- **What is being asked**
Once you find the line with "[upl. by Siraved330]" in the data below, transcribe exactly each line from there to the line with "Sam Edelman Danna", inclusive, and nothing else. Drop the pictures.

- **Data extract**
[Start of section]

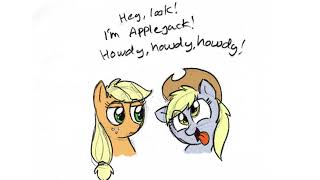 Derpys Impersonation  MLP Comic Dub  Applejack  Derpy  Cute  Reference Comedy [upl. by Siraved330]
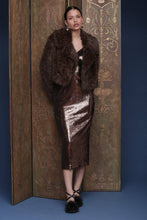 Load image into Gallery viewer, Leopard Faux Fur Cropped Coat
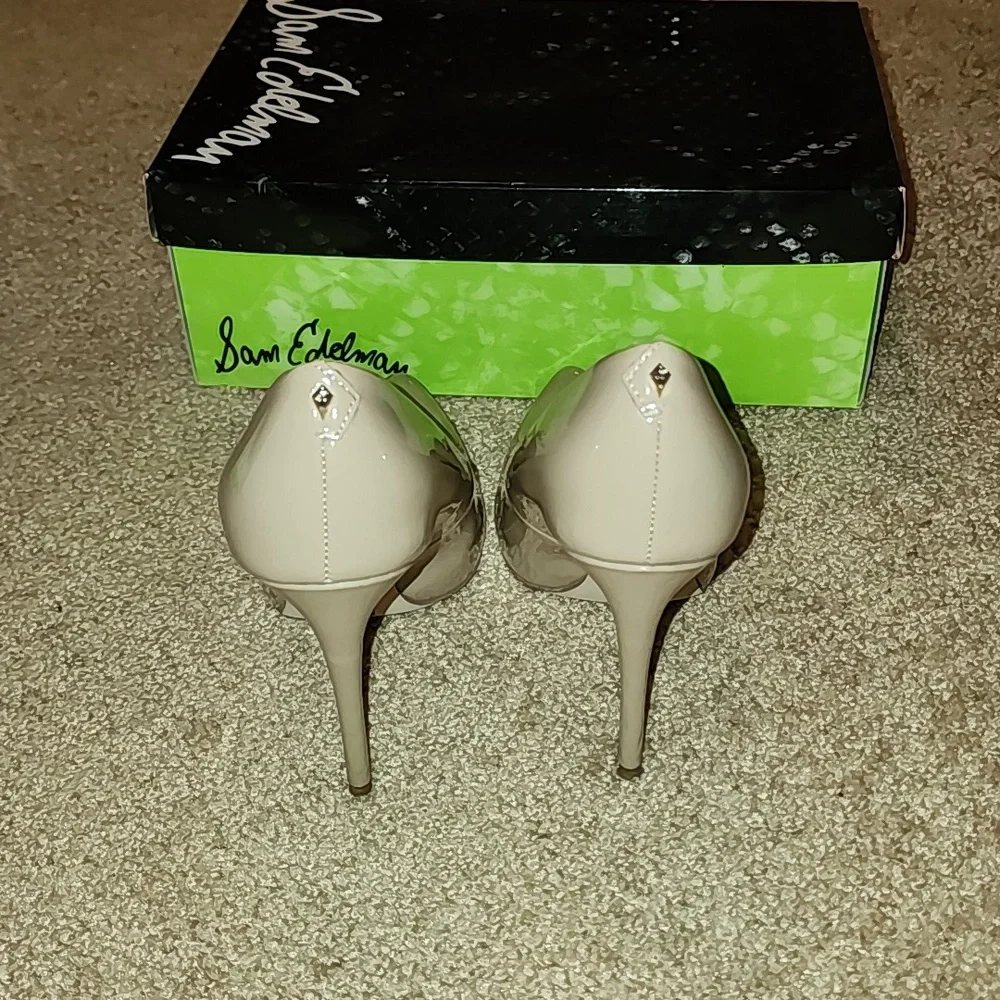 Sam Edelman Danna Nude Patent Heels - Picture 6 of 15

[End of section]
[Start of section]

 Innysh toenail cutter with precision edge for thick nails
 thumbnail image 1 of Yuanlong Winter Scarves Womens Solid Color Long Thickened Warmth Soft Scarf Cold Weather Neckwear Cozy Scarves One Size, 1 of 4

[End of section]

- **Output of the task**
 Derpys Impersonation  MLP Comic Dub  Applejack  Derpy  Cute  Reference Comedy [upl. by Siraved330]
 Load image into Gallery viewer, Leopard Faux Fur Cropped Coat
 Sam Edelman Danna Nude Patent Heels - Picture 6 of 15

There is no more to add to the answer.